> BRIEF:
Exclude all pictures, and reproduce exactly the lines from the one containing "قرص های ماشین" through the end of the records, with nothing else added.

> EXERCISE MATERIAL:
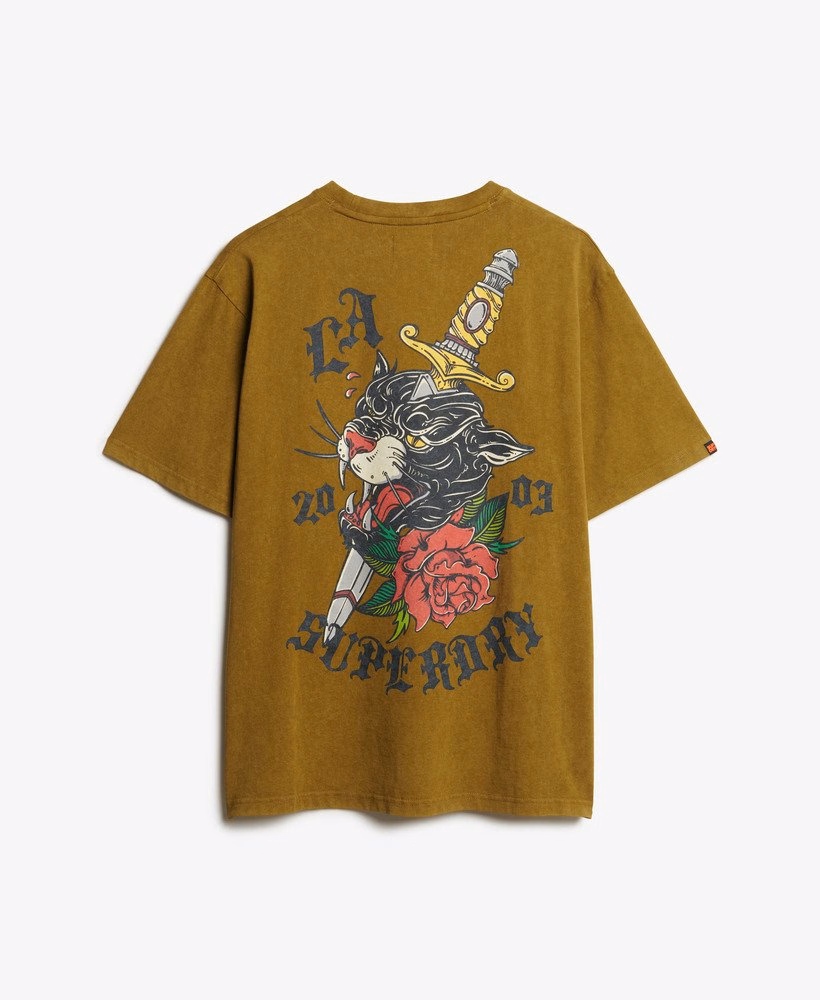 Camiseta folgada Neo Trad Tattoo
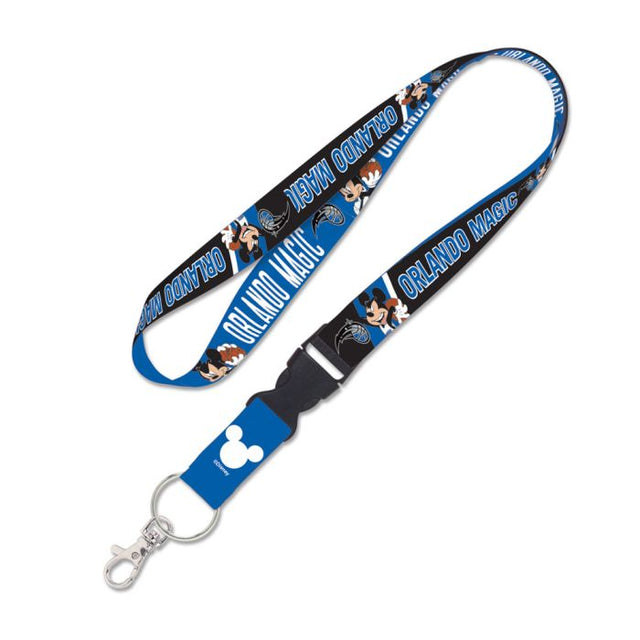 Orlando Magic / Disney Lanyard w/detachable buckle 1"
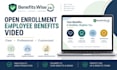 create your open enrollment employee benefits video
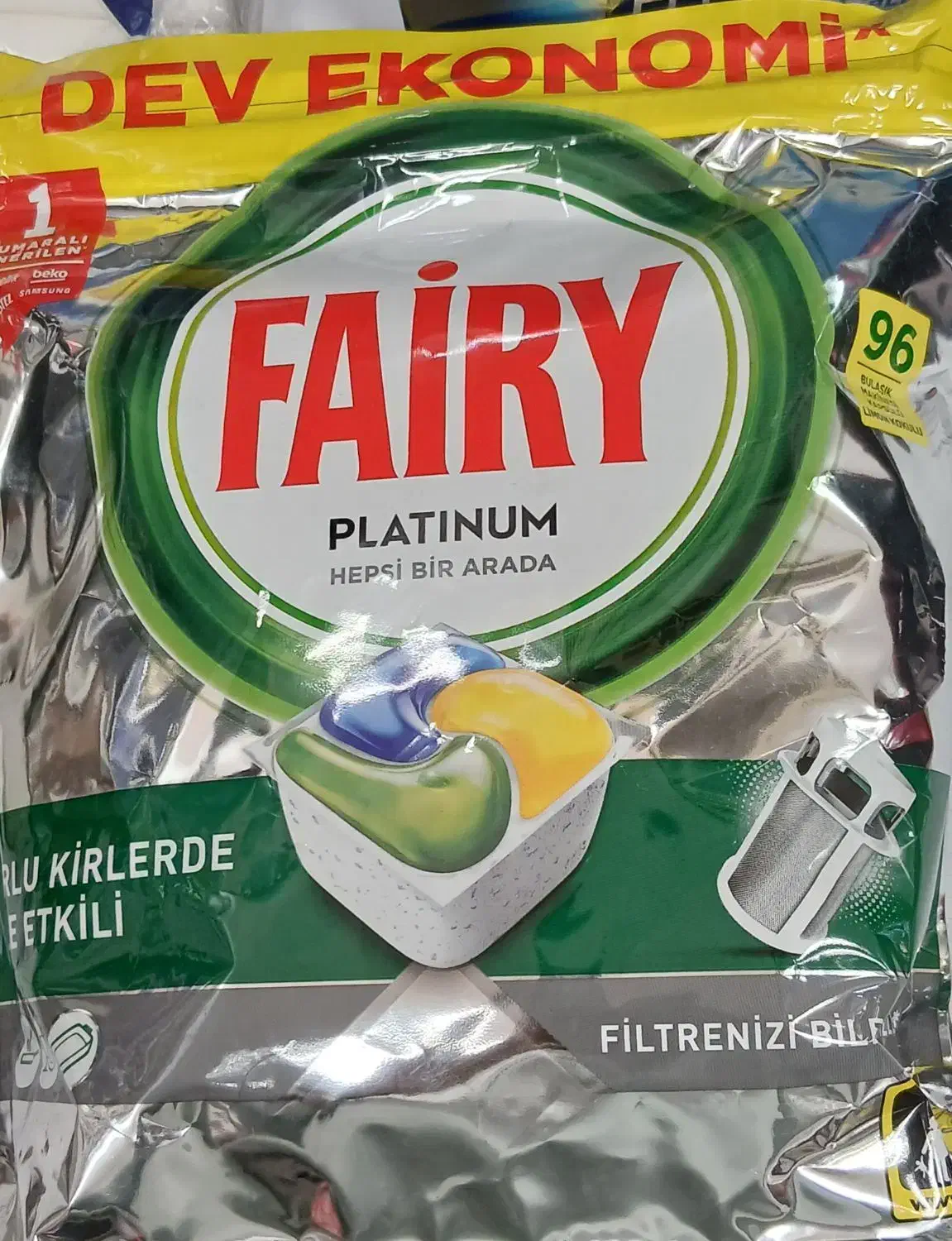 قرص های ماشین ظرفشویی FAIRY|مواد شوینده و دستمال کاغذی|کرج, برغان|دیوار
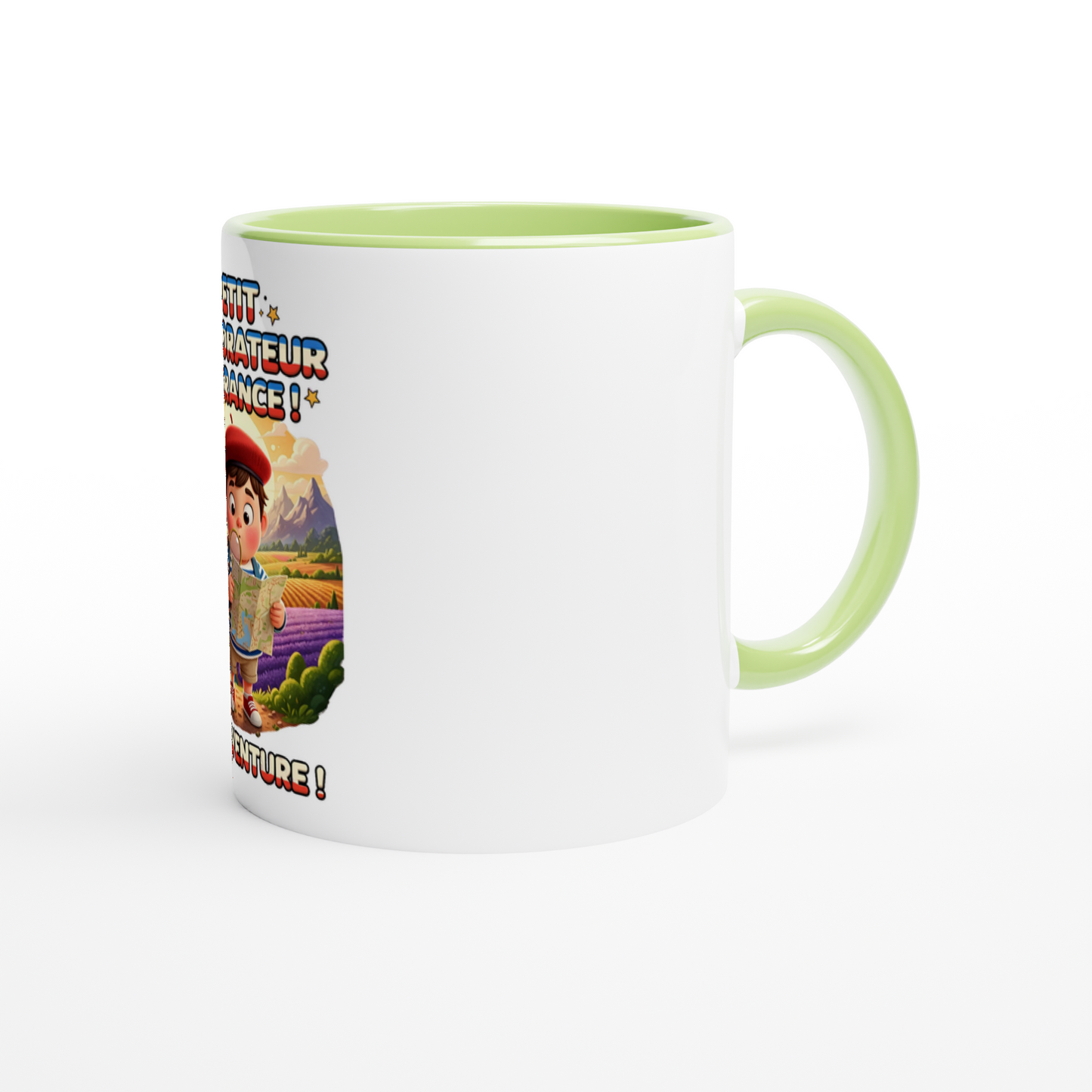 Keramikbecher für kleine Entdecker, 325 ml (11 oz)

> OUTPUT FOR THIS TASK:
 قرص های ماشین ظرفشویی FAIRY|مواد شوینده و دستمال کاغذی|کرج, برغان|دیوار
 Keramikbecher für kleine Entdecker, 325 ml (11 oz)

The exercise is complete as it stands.